Un Piano che si scopre soltanto oggi – con le prime valutazioni della Corte arrivate lo scorso novembre – non idoneo a sostenere la mole debitoria di Palazzo dei Giurati. In esso infatti, erano stati calcolati debiti fuori bilancio per 18,4 milioni di euro (di cui 11,8 risalenti addirittura a prima del 2001), salvo poi scoprire che i calcoli fatti erano sbagliati, perché se ne sarebbero dovuti aggiungere altri 2 milioni e mezzo, rimasti al di fuori del Piano e per i quali risulta impossibile trovare adesso la copertura.
È quello che lo stesso sindaco ha chiamato “operazione verità”, perché alcune cifre erano sottostimate mentre altre sono emerse in seguito con la scoperta di nuovi debiti. Insomma, nessuno dei precedenti Piani era stato all’altezza di far corrispondere i reali debiti. Nessuno degli accordi transattivi proposti aveva trovato adesione da parte dei creditori. Inoltre, dei 18 milioni dichiarati, si prevedeva di coprirne 11 con un mutuo della Cassa depositi e prestiti, che in realtà non può coprire spese correnti, come specificato dalla Corte, insieme all’incerta quantificazione dell’indebitamento con le società partecipate, come l’Azienda servizi municipalizzati e il Consorzio rete fognante. Insomma una serie di criticità che hanno indirizzato i giudici verso la bocciatura finale.

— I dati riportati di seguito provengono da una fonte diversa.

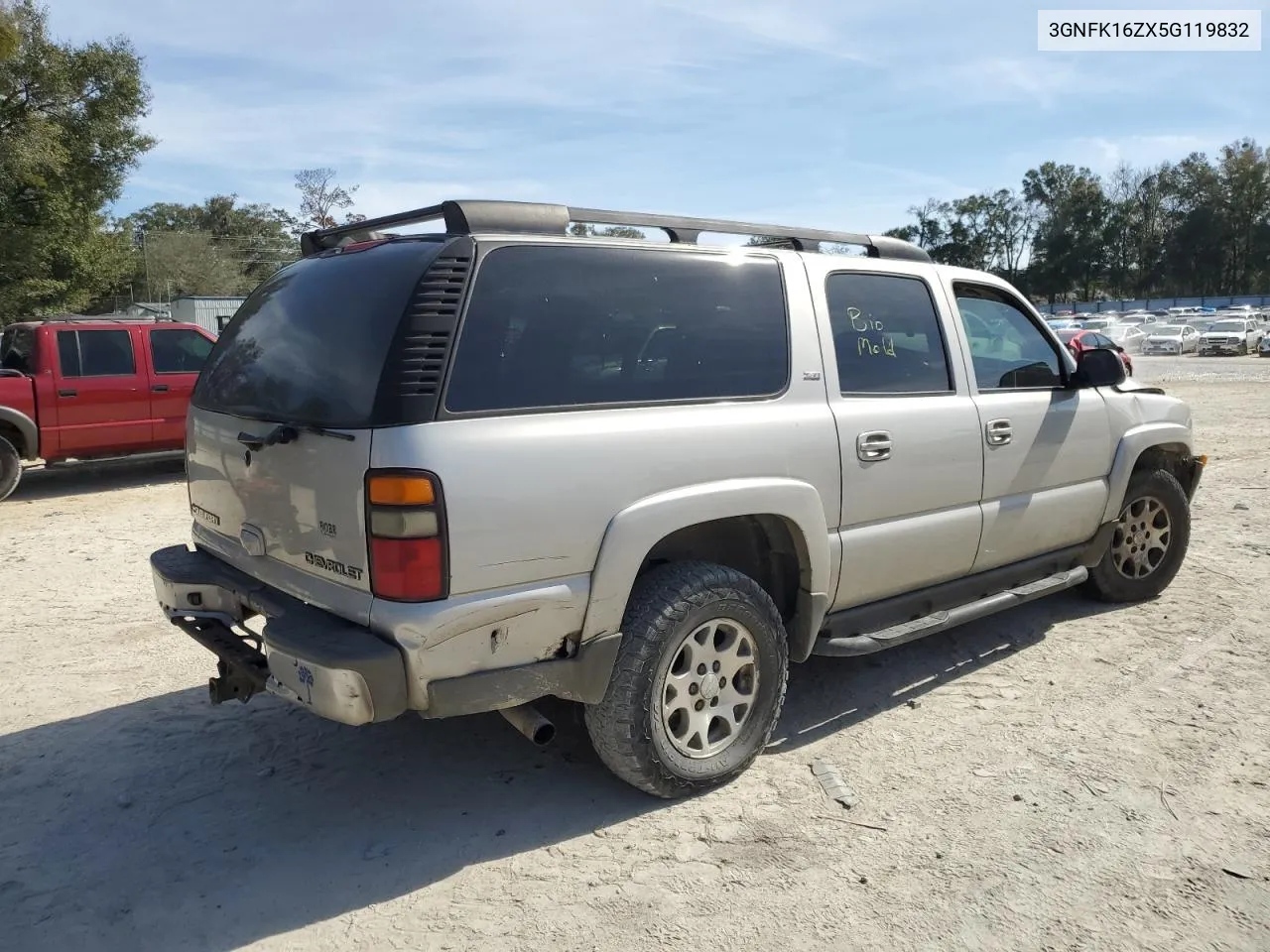 2005 Chevrolet Suburban K1500 VIN: 3GNFK16ZX5G119832 Lot: 71104274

Un circolo vizioso decennale, dal quale Taormina ha deciso di uscire. E l’unica via per non ricaderci sembra appunto quella di dichiarare dissesto. “È una scelta che ci addolora, ma a questo punto è inevitabile”, ha detto Bolognari, rassicurando la cittadinanza sul fatto che il dissesto, pur comportando sacrifici, non rappresenti nulla di irreparabile. Il rischio di un ulteriore aumento dei tributi locali sarebbe scongiurato dal fatto che già da tempo la città applica le aliquote più alte, l’ordinario svolgimento dei servizi non accuserebbe turbamenti e il pagamento degli stipendi continuerebbe a essere garantito.
Cosa succederà adesso? Toccherà al Consiglio comunale in carica dichiarare il dissesto entro fine luglio. Questo non comporterà il decadimento dell’Amministrazione, al contrario sindaco, assessori e consiglieri continueranno a rimanere in carica per la gestione ordinaria. Il ministero dell’Interno nominerà invece tre commissari, che dovranno occuparsi di estinguere la situazione debitoria risultante fino al 31 dicembre del 2020.